I think traders like us will recognize this and may slightly rebalance ETH exposure.
Jonah:
I just feel uneasy buying ETH.
Avi:
Over the past year, I’ve shorted ETH in nearly all my trades because it consistently underperformed—rising less than others, falling harder. But now, I won’t short ETH at least for the next month.
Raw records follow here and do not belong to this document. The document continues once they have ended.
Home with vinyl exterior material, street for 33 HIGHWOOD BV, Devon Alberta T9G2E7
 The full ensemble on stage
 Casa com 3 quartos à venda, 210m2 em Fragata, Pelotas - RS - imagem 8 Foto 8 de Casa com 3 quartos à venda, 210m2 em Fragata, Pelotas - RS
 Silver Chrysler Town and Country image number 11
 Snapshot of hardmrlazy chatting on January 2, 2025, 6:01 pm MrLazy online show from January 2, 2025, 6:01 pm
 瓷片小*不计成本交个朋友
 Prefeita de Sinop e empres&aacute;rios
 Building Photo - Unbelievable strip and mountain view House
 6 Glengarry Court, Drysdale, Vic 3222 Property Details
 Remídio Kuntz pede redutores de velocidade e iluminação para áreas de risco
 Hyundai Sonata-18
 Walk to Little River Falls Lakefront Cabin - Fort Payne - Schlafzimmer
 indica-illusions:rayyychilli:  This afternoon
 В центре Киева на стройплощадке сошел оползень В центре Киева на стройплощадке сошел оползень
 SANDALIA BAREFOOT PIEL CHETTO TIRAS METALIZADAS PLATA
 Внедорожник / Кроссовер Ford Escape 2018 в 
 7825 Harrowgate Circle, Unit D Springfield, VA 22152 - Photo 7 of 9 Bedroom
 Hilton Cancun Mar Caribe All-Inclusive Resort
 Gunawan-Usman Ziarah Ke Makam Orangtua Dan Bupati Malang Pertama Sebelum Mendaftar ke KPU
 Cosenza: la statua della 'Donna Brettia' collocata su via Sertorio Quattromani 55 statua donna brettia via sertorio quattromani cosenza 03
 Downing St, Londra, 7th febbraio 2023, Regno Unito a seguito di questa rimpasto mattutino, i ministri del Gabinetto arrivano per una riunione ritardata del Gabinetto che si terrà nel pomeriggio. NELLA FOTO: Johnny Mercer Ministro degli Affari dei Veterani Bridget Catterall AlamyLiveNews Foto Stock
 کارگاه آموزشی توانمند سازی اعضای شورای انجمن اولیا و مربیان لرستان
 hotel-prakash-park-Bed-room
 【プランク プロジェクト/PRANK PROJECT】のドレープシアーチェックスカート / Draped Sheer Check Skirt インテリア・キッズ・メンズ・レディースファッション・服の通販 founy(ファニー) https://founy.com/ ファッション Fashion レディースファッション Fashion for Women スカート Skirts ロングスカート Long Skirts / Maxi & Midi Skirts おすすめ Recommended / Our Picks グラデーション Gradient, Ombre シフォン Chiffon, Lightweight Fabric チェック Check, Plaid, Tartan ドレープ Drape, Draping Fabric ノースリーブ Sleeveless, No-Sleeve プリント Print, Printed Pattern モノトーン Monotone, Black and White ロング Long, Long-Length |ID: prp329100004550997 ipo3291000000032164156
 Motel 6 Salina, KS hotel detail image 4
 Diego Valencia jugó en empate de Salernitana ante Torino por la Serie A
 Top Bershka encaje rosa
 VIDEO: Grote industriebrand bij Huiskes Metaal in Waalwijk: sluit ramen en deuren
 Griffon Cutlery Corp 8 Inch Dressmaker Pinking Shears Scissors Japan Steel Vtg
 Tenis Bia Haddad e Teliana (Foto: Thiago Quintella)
I believe many traders may stop shorting ETH at current levels.
Jonah: So what asset are you now using as your risk hedge via shorting?
Avi: Solana—on March 1st, $2 billion worth of SOL unlocks.
Jonah:
Part of that unlock may already be priced in. Unlike ETFs or Trump elections, unlocks can’t be fully front-run by buying. Investors can sell before unlock or avoid buying more Solana. Suppose $2 billion unlocks, with $1 billion dumped. Of that $1 billion, maybe $50 million sells directly at market price, while $250 million was already absorbed. So I don’t see this as Solana’s “doomsday,” but I agree it’s definitely not a good time to load up on Solana now.